[[ The records open ]]

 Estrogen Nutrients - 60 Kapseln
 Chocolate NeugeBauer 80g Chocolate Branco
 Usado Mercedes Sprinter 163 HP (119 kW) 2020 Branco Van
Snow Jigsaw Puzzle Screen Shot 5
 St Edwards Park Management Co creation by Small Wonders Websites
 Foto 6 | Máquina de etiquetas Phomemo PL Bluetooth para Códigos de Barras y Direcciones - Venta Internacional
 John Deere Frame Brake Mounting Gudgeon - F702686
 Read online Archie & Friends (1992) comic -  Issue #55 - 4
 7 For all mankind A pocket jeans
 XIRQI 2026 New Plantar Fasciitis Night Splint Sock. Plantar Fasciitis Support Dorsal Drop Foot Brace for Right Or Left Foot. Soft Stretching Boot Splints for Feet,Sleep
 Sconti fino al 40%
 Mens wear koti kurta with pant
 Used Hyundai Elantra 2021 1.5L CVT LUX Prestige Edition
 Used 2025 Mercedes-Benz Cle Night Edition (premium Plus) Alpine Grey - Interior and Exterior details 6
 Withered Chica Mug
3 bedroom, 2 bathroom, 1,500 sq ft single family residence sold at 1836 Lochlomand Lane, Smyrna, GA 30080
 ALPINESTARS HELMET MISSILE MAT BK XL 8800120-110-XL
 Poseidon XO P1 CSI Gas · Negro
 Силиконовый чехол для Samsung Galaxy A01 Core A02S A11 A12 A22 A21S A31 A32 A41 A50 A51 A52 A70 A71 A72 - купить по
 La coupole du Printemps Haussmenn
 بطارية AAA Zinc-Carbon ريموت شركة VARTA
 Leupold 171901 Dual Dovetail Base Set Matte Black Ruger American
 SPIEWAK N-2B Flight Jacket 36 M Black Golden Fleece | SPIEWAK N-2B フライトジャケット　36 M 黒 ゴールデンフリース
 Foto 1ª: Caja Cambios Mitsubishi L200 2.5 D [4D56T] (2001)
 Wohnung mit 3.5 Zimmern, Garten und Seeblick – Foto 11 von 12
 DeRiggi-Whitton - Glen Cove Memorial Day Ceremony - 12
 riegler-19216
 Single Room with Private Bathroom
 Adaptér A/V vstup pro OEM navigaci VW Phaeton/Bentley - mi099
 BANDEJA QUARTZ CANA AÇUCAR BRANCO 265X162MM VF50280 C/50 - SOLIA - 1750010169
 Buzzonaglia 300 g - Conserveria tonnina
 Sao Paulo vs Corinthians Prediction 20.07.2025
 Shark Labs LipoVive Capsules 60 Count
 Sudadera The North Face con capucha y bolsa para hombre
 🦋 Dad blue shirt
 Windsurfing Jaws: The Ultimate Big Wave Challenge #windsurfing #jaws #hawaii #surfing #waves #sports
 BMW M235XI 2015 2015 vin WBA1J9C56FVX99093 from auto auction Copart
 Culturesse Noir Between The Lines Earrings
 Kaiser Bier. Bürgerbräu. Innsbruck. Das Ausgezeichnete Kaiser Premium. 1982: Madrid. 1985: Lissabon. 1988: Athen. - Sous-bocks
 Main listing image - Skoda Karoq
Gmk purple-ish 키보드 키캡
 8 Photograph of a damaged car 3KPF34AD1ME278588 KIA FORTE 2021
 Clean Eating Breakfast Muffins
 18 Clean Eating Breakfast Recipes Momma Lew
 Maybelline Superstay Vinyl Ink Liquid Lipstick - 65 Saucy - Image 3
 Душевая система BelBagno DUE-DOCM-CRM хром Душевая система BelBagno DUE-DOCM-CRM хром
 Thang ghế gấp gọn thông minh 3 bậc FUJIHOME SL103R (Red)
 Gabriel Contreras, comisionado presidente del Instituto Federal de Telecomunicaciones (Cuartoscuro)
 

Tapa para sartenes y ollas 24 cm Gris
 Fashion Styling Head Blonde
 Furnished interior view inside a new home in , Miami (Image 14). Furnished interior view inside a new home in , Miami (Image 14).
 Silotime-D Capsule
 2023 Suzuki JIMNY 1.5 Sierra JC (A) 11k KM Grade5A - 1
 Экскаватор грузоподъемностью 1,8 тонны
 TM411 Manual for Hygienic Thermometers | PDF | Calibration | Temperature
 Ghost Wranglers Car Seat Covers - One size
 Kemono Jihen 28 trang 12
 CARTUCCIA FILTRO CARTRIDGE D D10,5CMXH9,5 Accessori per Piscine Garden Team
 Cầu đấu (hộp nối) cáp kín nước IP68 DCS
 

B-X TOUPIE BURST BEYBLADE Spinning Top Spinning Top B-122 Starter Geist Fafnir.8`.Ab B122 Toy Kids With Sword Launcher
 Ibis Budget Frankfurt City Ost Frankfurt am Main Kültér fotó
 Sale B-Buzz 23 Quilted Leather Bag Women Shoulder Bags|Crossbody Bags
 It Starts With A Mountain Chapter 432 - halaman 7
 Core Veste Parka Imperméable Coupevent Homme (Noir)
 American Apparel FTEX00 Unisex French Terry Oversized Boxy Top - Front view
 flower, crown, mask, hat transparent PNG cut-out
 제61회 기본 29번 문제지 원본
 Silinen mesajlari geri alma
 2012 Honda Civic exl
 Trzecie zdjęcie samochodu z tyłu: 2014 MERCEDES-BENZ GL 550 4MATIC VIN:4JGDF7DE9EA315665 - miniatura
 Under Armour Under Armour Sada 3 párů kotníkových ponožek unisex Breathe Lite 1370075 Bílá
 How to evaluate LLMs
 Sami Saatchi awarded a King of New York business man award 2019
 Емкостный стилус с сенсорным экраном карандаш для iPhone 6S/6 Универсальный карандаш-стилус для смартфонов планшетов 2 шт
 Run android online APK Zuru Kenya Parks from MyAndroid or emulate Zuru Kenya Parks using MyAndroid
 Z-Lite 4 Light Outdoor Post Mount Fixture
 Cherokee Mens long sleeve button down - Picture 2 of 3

[[ The records closed ]]

## What the task asks
Print the material verbatim, all of it.

## Result below
 Estrogen Nutrients - 60 Kapseln
 Chocolate NeugeBauer 80g Chocolate Branco
 Usado Mercedes Sprinter 163 HP (119 kW) 2020 Branco Van
Snow Jigsaw Puzzle Screen Shot 5
 St Edwards Park Management Co creation by Small Wonders Websites
 Foto 6 | Máquina de etiquetas Phomemo PL Bluetooth para Códigos de Barras y Direcciones - Venta Internacional
 John Deere Frame Brake Mounting Gudgeon - F702686
 Read online Archie & Friends (1992) comic -  Issue #55 - 4
 7 For all mankind A pocket jeans
 XIRQI 2026 New Plantar Fasciitis Night Splint Sock. Plantar Fasciitis Support Dorsal Drop Foot Brace for Right Or Left Foot. Soft Stretching Boot Splints for Feet,Sleep
 Sconti fino al 40%
 Mens wear koti kurta with pant
 Used Hyundai Elantra 2021 1.5L CVT LUX Prestige Edition
 Used 2025 Mercedes-Benz Cle Night Edition (premium Plus) Alpine Grey - Interior and Exterior details 6
 Withered Chica Mug
3 bedroom, 2 bathroom, 1,500 sq ft single family residence sold at 1836 Lochlomand Lane, Smyrna, GA 30080
 ALPINESTARS HELMET MISSILE MAT BK XL 8800120-110-XL
 Poseidon XO P1 CSI Gas · Negro
 Силиконовый чехол для Samsung Galaxy A01 Core A02S A11 A12 A22 A21S A31 A32 A41 A50 A51 A52 A70 A71 A72 - купить по
 La coupole du Printemps Haussmenn
 بطارية AAA Zinc-Carbon ريموت شركة VARTA
 Leupold 171901 Dual Dovetail Base Set Matte Black Ruger American
 SPIEWAK N-2B Flight Jacket 36 M Black Golden Fleece | SPIEWAK N-2B フライトジャケット　36 M 黒 ゴールデンフリース
 Foto 1ª: Caja Cambios Mitsubishi L200 2.5 D [4D56T] (2001)
 Wohnung mit 3.5 Zimmern, Garten und Seeblick – Foto 11 von 12
 DeRiggi-Whitton - Glen Cove Memorial Day Ceremony - 12
 riegler-19216
 Single Room with Private Bathroom
 Adaptér A/V vstup pro OEM navigaci VW Phaeton/Bentley - mi099
 BANDEJA QUARTZ CANA AÇUCAR BRANCO 265X162MM VF50280 C/50 - SOLIA - 1750010169
 Buzzonaglia 300 g - Conserveria tonnina
 Sao Paulo vs Corinthians Prediction 20.07.2025
 Shark Labs LipoVive Capsules 60 Count
 Sudadera The North Face con capucha y bolsa para hombre
 🦋 Dad blue shirt
 Windsurfing Jaws: The Ultimate Big Wave Challenge #windsurfing #jaws #hawaii #surfing #waves #sports
 BMW M235XI 2015 2015 vin WBA1J9C56FVX99093 from auto auction Copart
 Culturesse Noir Between The Lines Earrings
 Kaiser Bier. Bürgerbräu. Innsbruck. Das Ausgezeichnete Kaiser Premium. 1982: Madrid. 1985: Lissabon. 1988: Athen. - Sous-bocks
 Main listing image - Skoda Karoq
Gmk purple-ish 키보드 키캡
 8 Photograph of a damaged car 3KPF34AD1ME278588 KIA FORTE 2021
 Clean Eating Breakfast Muffins
 18 Clean Eating Breakfast Recipes Momma Lew
 Maybelline Superstay Vinyl Ink Liquid Lipstick - 65 Saucy - Image 3
 Душевая система BelBagno DUE-DOCM-CRM хром Душевая система BelBagno DUE-DOCM-CRM хром
 Thang ghế gấp gọn thông minh 3 bậc FUJIHOME SL103R (Red)
 Gabriel Contreras, comisionado presidente del Instituto Federal de Telecomunicaciones (Cuartoscuro)
 

Tapa para sartenes y ollas 24 cm Gris
 Fashion Styling Head Blonde
 Furnished interior view inside a new home in , Miami (Image 14). Furnished interior view inside a new home in , Miami (Image 14).
 Silotime-D Capsule
 2023 Suzuki JIMNY 1.5 Sierra JC (A) 11k KM Grade5A - 1
 Экскаватор грузоподъемностью 1,8 тонны
 TM411 Manual for Hygienic Thermometers | PDF | Calibration | Temperature
 Ghost Wranglers Car Seat Covers - One size
 Kemono Jihen 28 trang 12
 CARTUCCIA FILTRO CARTRIDGE D D10,5CMXH9,5 Accessori per Piscine Garden Team
 Cầu đấu (hộp nối) cáp kín nước IP68 DCS
 

B-X TOUPIE BURST BEYBLADE Spinning Top Spinning Top B-122 Starter Geist Fafnir.8`.Ab B122 Toy Kids With Sword Launcher
 Ibis Budget Frankfurt City Ost Frankfurt am Main Kültér fotó
 Sale B-Buzz 23 Quilted Leather Bag Women Shoulder Bags|Crossbody Bags
 It Starts With A Mountain Chapter 432 - halaman 7
 Core Veste Parka Imperméable Coupevent Homme (Noir)
 American Apparel FTEX00 Unisex French Terry Oversized Boxy Top - Front view
 flower, crown, mask, hat transparent PNG cut-out
 제61회 기본 29번 문제지 원본
 Silinen mesajlari geri alma
 2012 Honda Civic exl
 Trzecie zdjęcie samochodu z tyłu: 2014 MERCEDES-BENZ GL 550 4MATIC VIN:4JGDF7DE9EA315665 - miniatura
 Under Armour Under Armour Sada 3 párů kotníkových ponožek unisex Breathe Lite 1370075 Bílá
 How to evaluate LLMs
 Sami Saatchi awarded a King of New York business man award 2019
 Емкостный стилус с сенсорным экраном карандаш для iPhone 6S/6 Универсальный карандаш-стилус для смартфонов планшетов 2 шт
 Run android online APK Zuru Kenya Parks from MyAndroid or emulate Zuru Kenya Parks using MyAndroid
 Z-Lite 4 Light Outdoor Post Mount Fixture
 Cherokee Mens long sleeve button down - Picture 2 of 3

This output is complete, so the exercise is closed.